▶ [Exercise goal] Find "a bedroom with" below and begin at its line; stop after the line with "Kitchen with white". Output those lines exactly, without pictures.

▶ [Available data]
- - - -
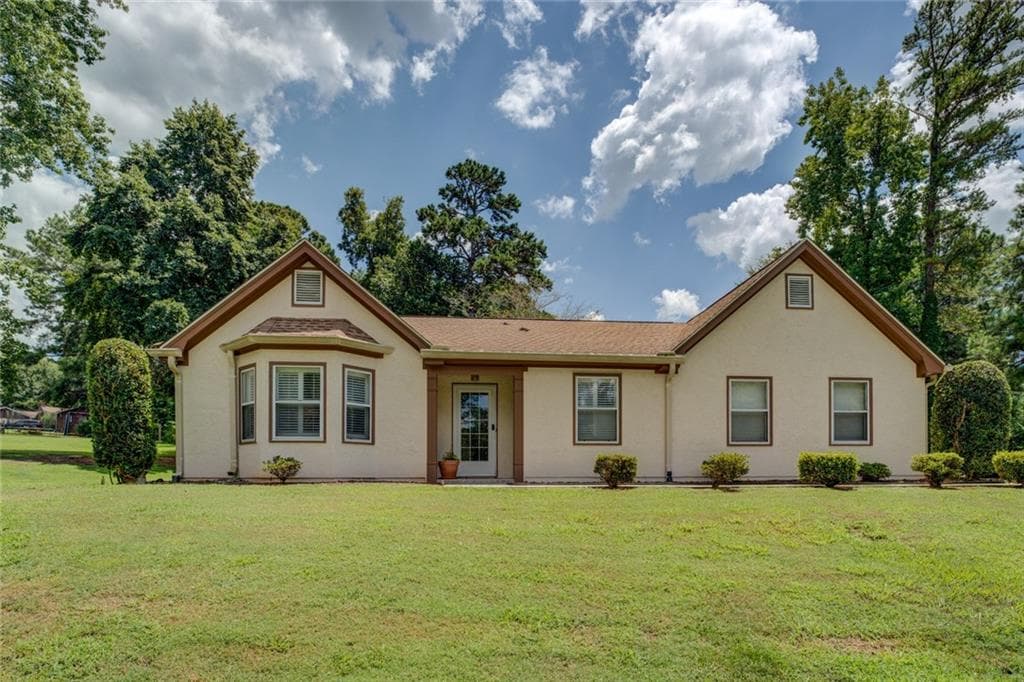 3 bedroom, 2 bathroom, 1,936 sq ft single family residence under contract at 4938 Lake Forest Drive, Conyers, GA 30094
- - - -
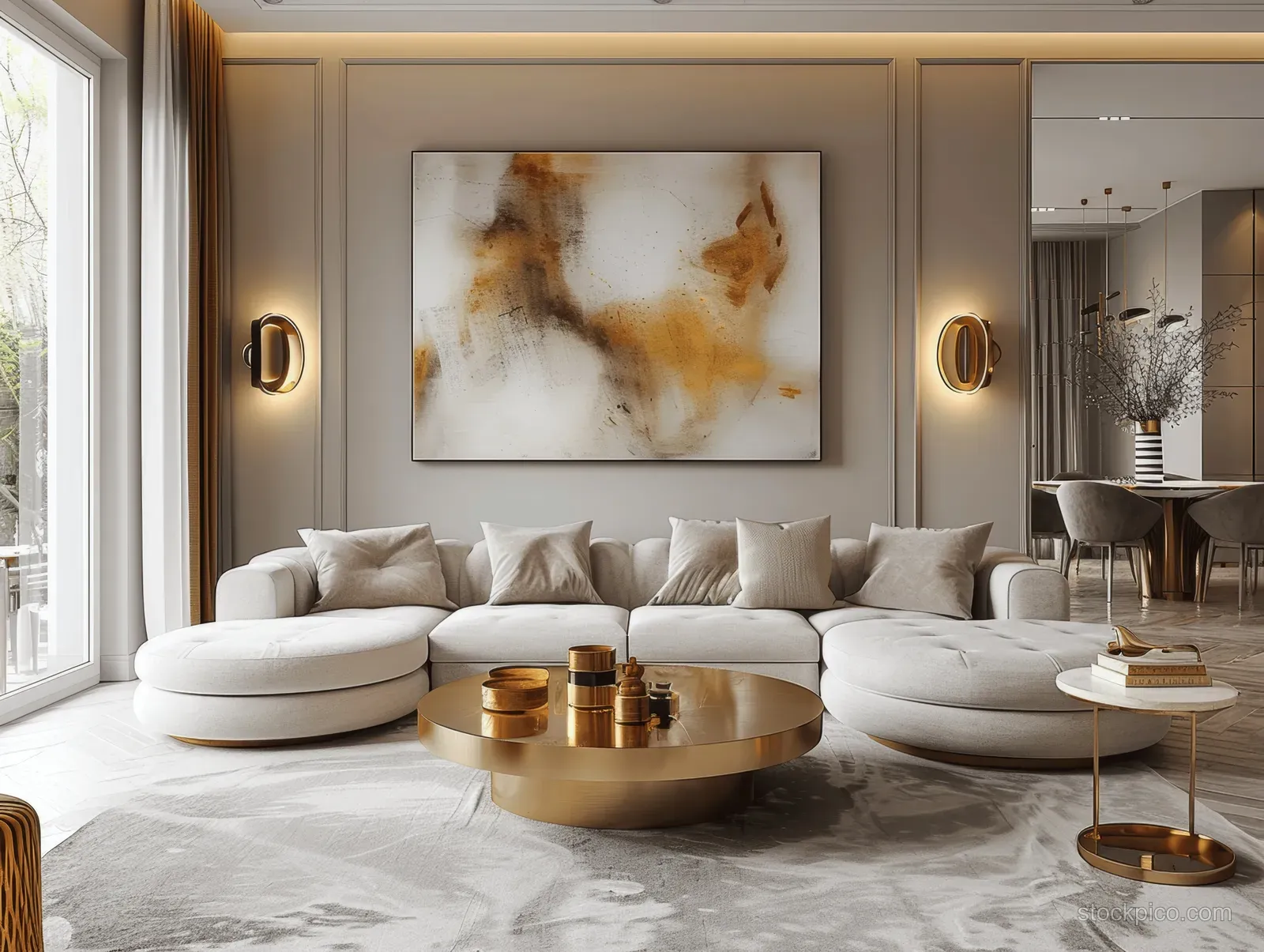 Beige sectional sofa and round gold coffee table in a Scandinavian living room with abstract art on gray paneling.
- - - -
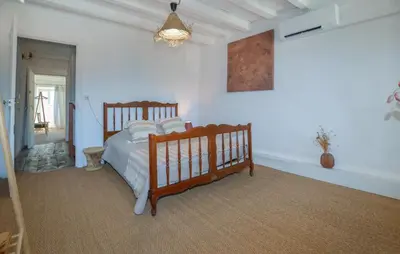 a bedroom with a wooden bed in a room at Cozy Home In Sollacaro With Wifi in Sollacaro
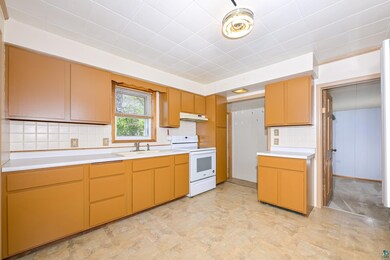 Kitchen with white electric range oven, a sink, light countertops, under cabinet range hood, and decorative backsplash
- - - -
▶ [Response area]
 a bedroom with a wooden bed in a room at Cozy Home In Sollacaro With Wifi in Sollacaro
 Kitchen with white electric range oven, a sink, light countertops, under cabinet range hood, and decorative backsplash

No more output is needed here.